Leary’s Book Store (now sadly gone these past thirty-three years), was housed in an ancient four-story building on Ninth Street below Market, just across the street from the post office and separated by a cobblestoned alleyway (jammed with second-hand book stalls) from the mammoth hulk of the Gimbels department store. At the time of its closing, Leary’s -- with its cage-like elevator, its curious pneumatic-tube system, and its whispering, spectral clerks -- was famous as the “oldest book store in the United States.” Among the many valuable and previously unknown documents discovered in the final cataloguing of its wares was an original John Dunlop broadside of the Declaration of Independence of the United States of America.
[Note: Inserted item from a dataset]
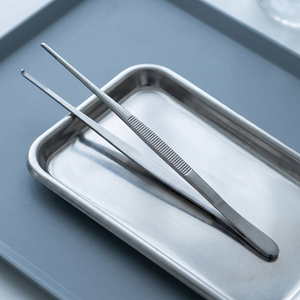 MICRO ADSON Manual Silver Tissue Forceps 14.5cm Straight 3-Jaw 1x2 <b>Teeth</b> Standard CE Certified HI-2054 Class I 1 Year Warranty - Product Image 3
-- Dan Leo, Associate Professor of Classics, Pep Rally Coördinator, Olney Community College; Editor of This Time Tomorrow: 201 Previously Uncollected Sonnets of Arnold Schnabel; The Olney Community College Press.



“Leary’s Book Store”




One must do something with one’s time, and so
On this fine spring morning bright and early
I hop on the 47 and go
Downtown, and into the hurly-burly;



Thousands of people pass by willfully
But the spectacle does not cheer me,
And so I go forthwith to Leary’s.
Here at last all is calm, still, and silent.



Two hours later, down in the basement,
At last I discover a just barely
Worn “Ace Double”: Shirley From Sheboygan/



Female Residence,
marked down to a dime:
This will do. This will last me till this time
Tomorrow, when I’ll be back here again.